Input material Block Start

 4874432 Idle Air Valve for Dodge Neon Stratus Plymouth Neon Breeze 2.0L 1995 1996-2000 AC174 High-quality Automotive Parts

Input material Block End
Input material Block Start

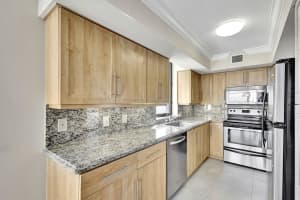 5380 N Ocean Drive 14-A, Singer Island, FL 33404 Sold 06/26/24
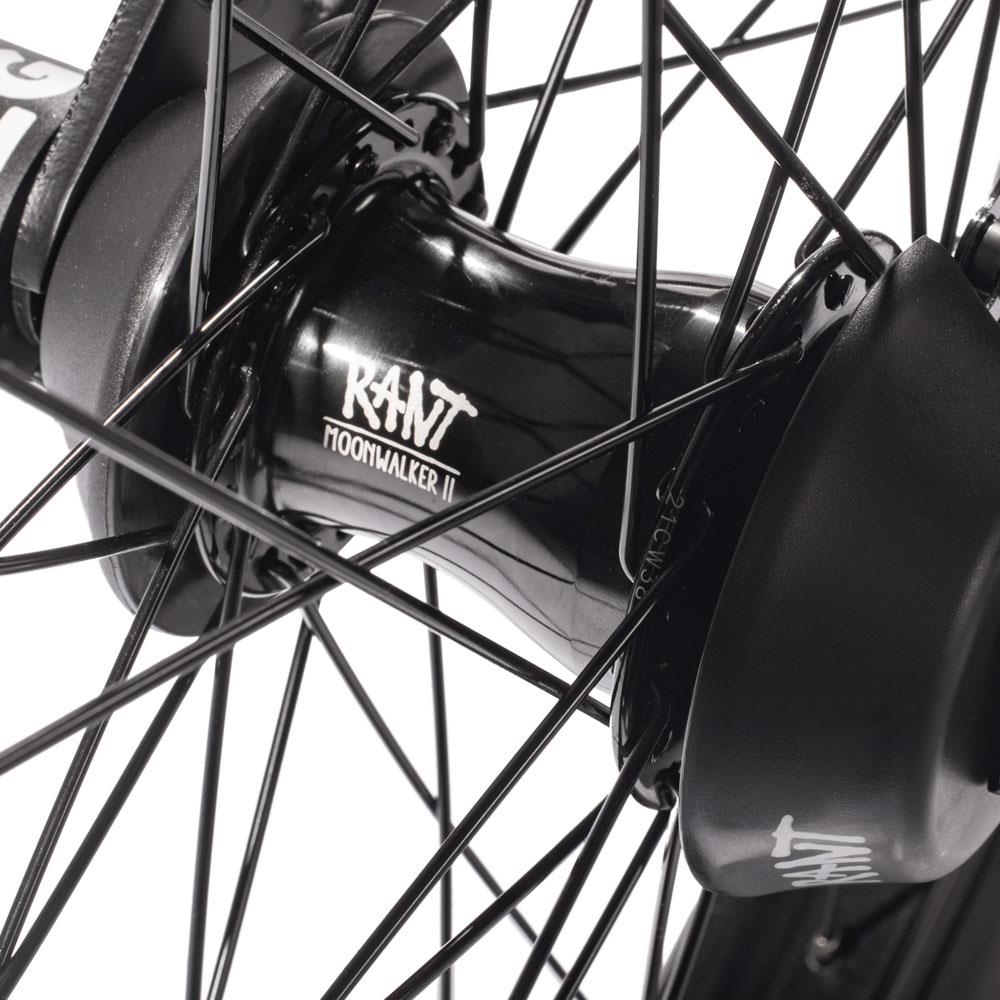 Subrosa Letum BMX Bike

Input material Block End
Input material Block Start

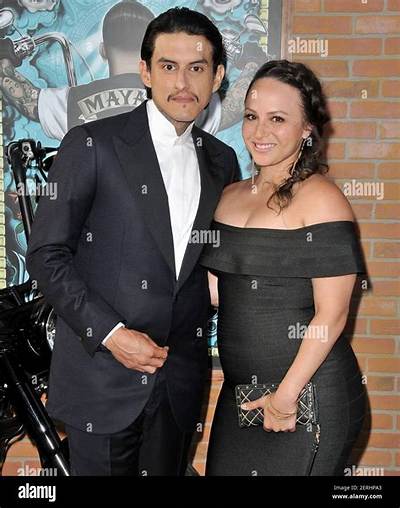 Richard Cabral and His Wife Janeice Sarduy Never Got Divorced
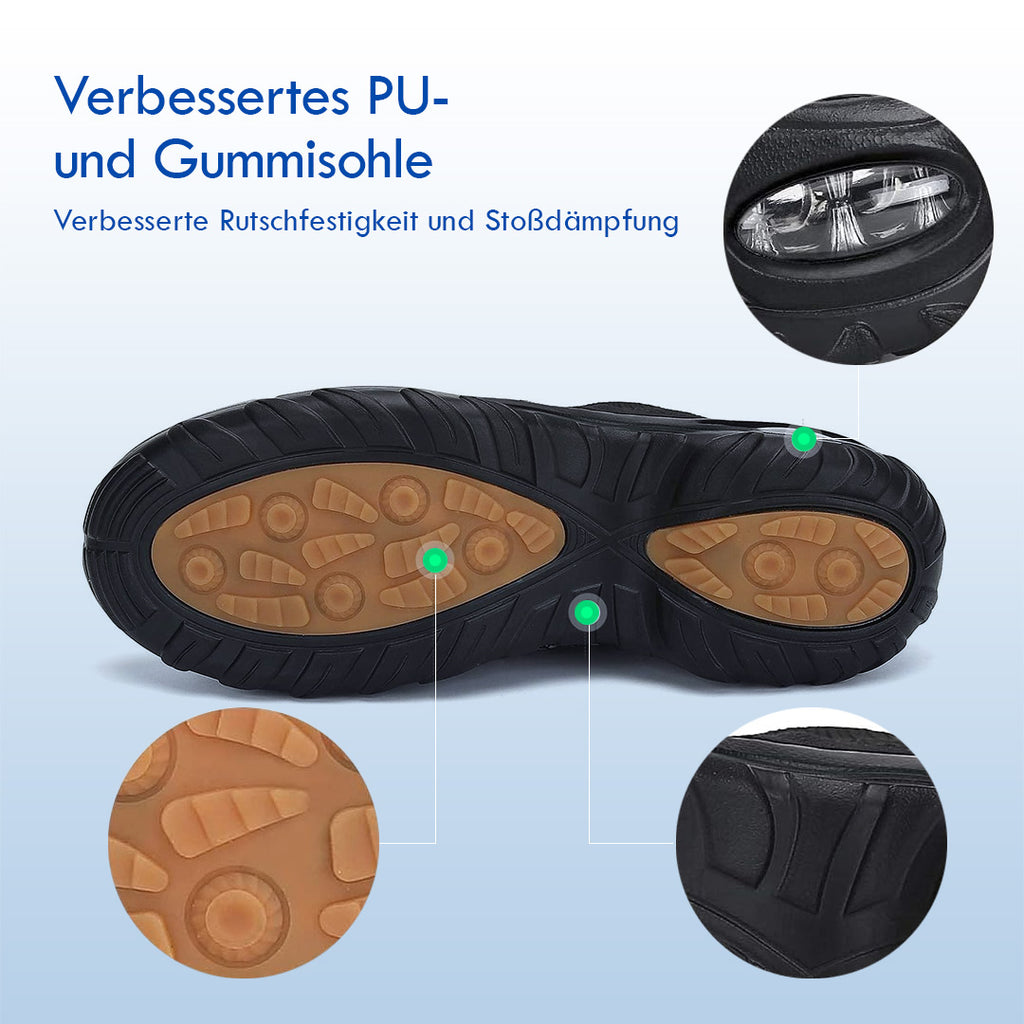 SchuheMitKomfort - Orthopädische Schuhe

Input material Block End

* Assignment: For the data above, set down exactly the lines from the line with "Richard Cabral and" to the line with "SchuheMitKomfort - Orthopädische Schuhe", both included, leaving pictures out.

* Answer section:
 Richard Cabral and His Wife Janeice Sarduy Never Got Divorced
 SchuheMitKomfort - Orthopädische Schuhe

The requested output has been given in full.